Time zones around the world

Keeping track of time zones can be really tricky. Different nations not only use different times but also use different adjustments for daylight saving, which can make keeping track of time zones difficult. Furthermore, nations occasionally move time zone, normally due to economic and trade reasons, which provides even more difficulties in keeping track of time zones.

You may think that modern computers can automatically account for time zones due to the settings in the clock program; however, most computer systems rely on a database, which is continuously updated, to provide accurate time zone information.

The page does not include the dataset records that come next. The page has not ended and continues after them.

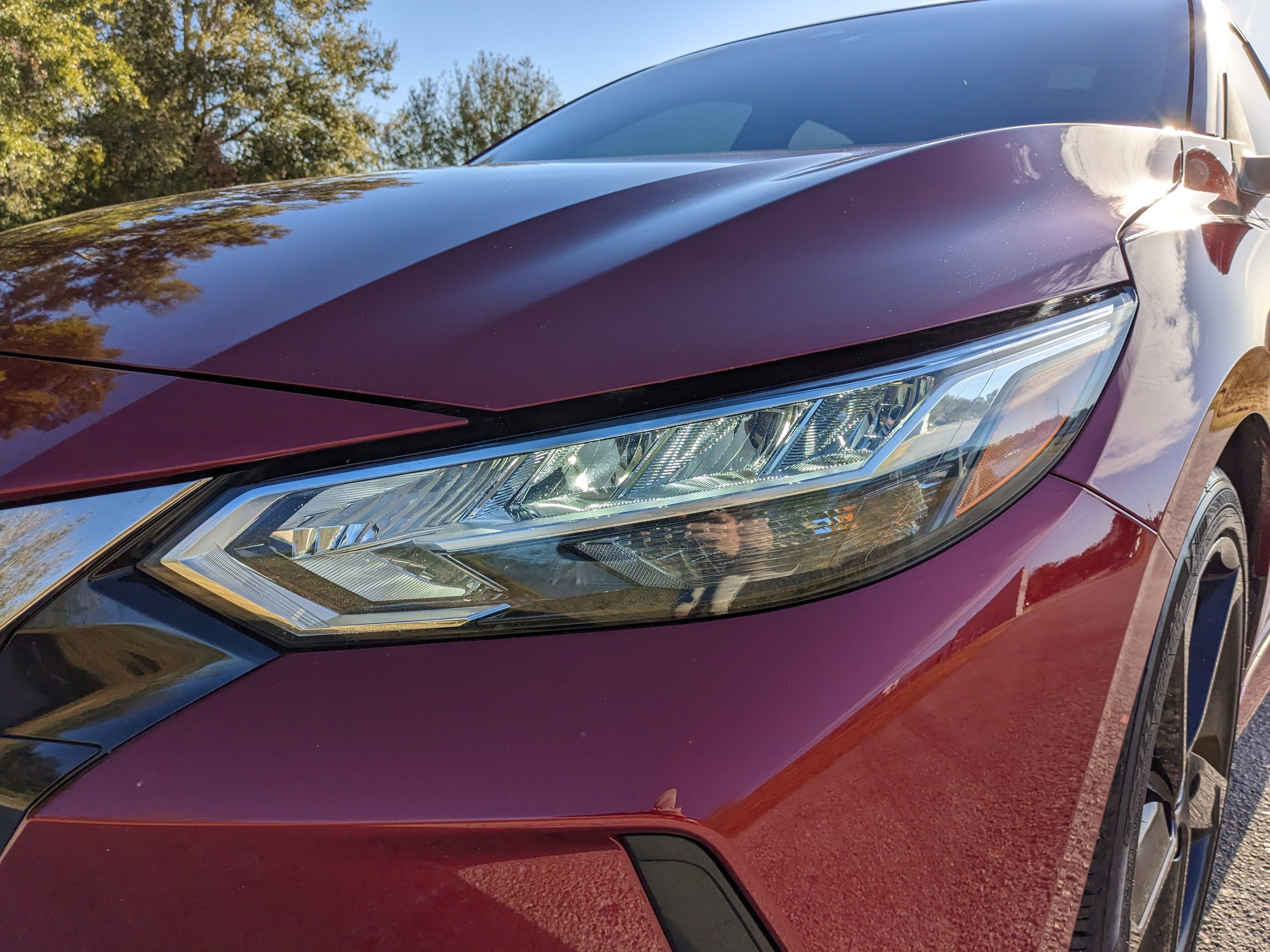 2022 Nissan Sentra SR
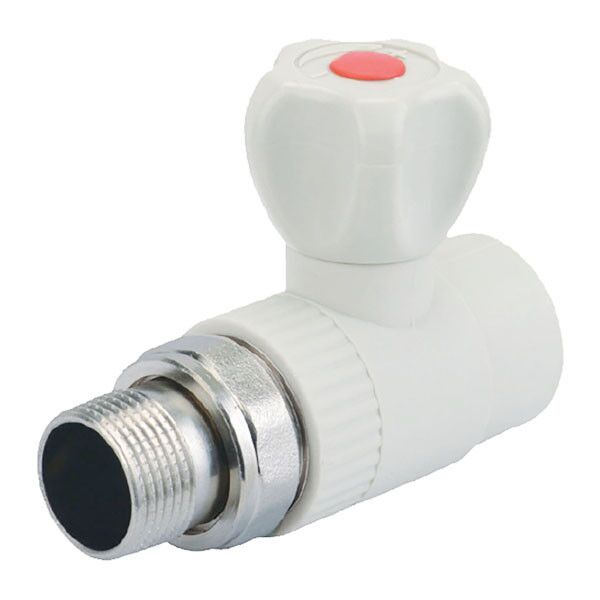 Кран радиаторный 25x3/4 прямой PPR KOER K0160.PRO (KP0205) Кран радиаторный 25x3/4 прямой PPR KOER K0160.PRO (KP0205)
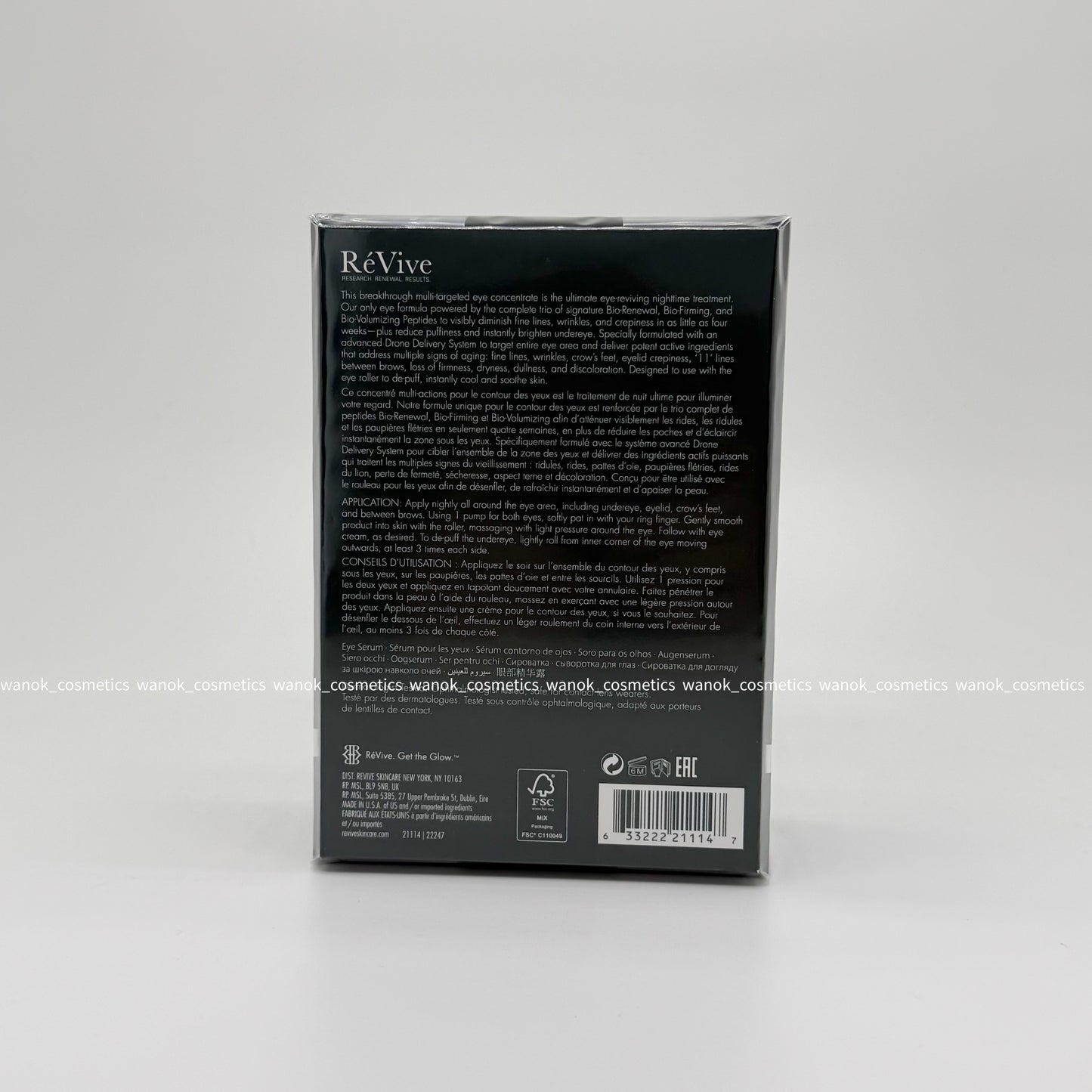 ReVive Peau Magnifique Eye Concentrate奇肌新生多效抗衰老眼精華 15ml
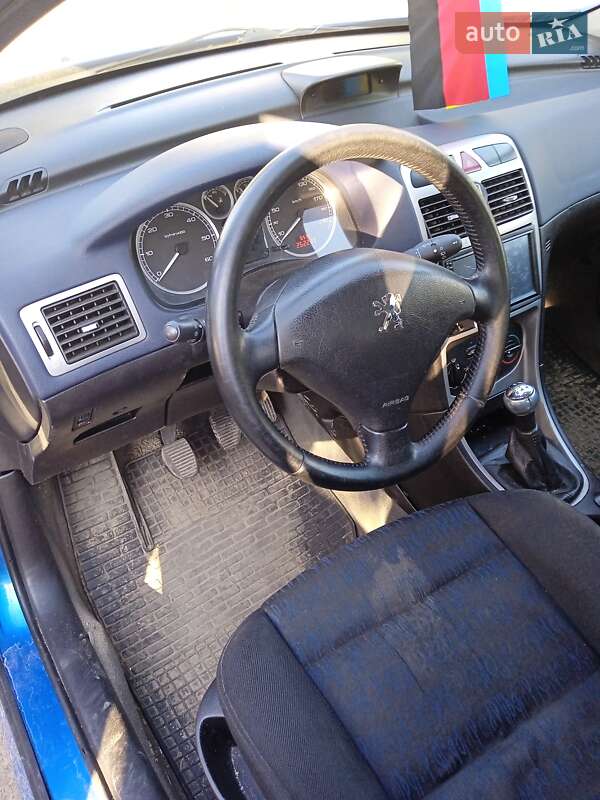 Универсал Peugeot 307 2002 в Львове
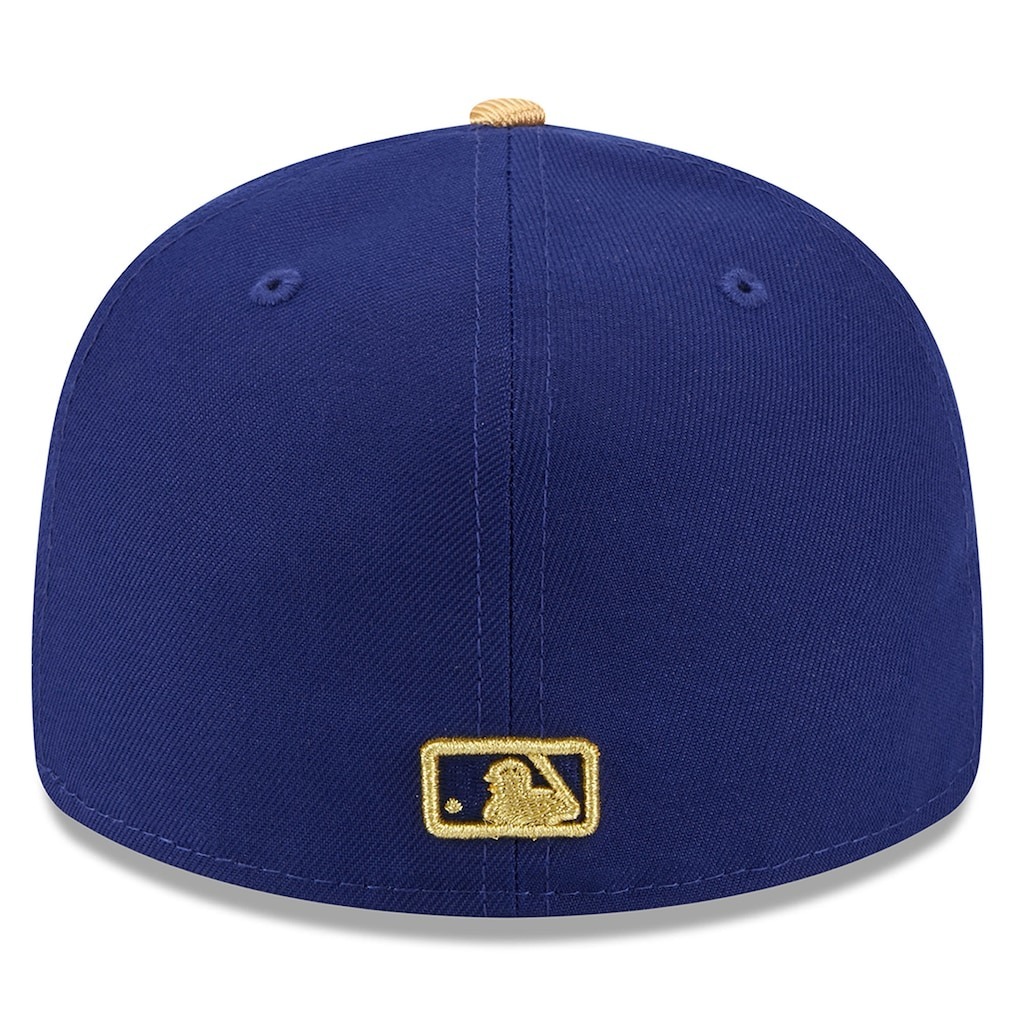 ゴールドコレクション ロサンゼルス・ドジャース 帽子 New Era Low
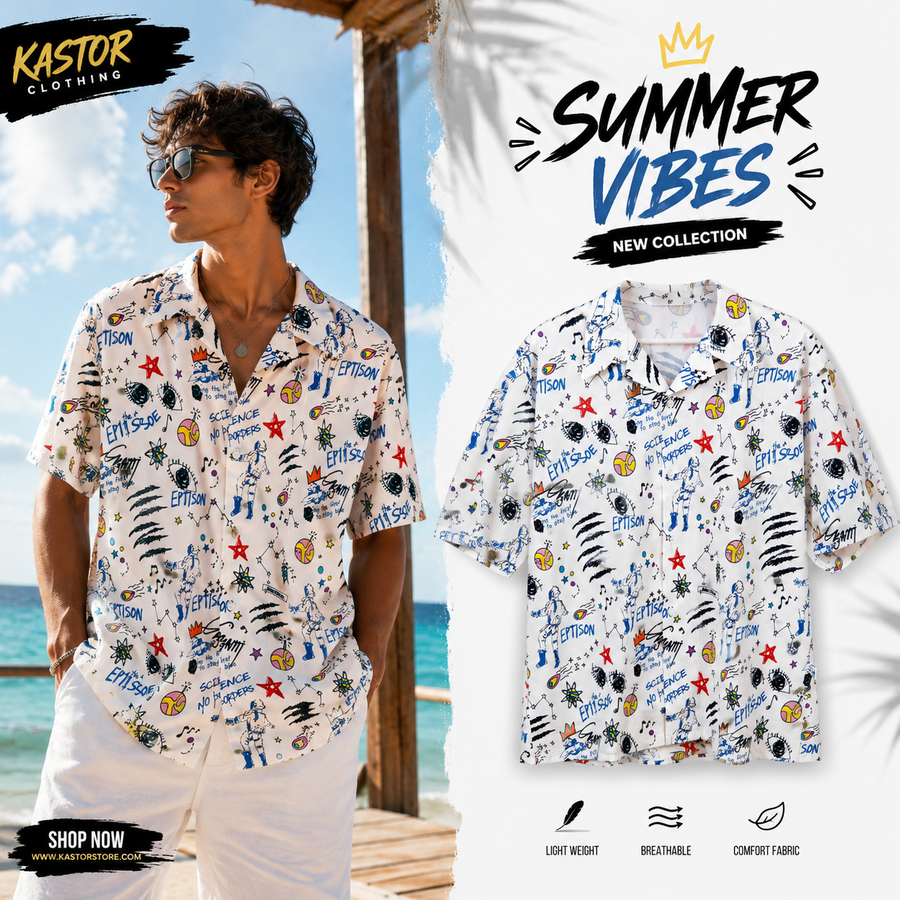 Miami Sketch Shirt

The Time Zone Database, sometimes called the Olson database after its long-time coordinator, Arthur David Olson, has recently moved home due to legal wrangling, which temporarily caused the database to cease functioning, causing untold problems for people needing accurate time zone information. Without the time zone database, time zones had to be calculated manually, for travelling, scheduling meetings and booking flights.

The Internet’s address system, ICANN (Internet Corporation for Assigned Names and Numbers) has taken over the database to provide stability, due to the reliance on the database by computer operating systems and other technologies; the database is used by a range of computer operating systems including Apple Inc’s Mac OS X, Oracle Corp, Unix and Linux, but not Microsoft Corp’s Windows.

The Time Zone Database provides a simple method of setting the time on a computer, enabling cities to be selected, with the database providing the right time. The database has all the necessary information, such as daylight saving times and the latest time zone movements, to provide accuracy and a reliable source of information.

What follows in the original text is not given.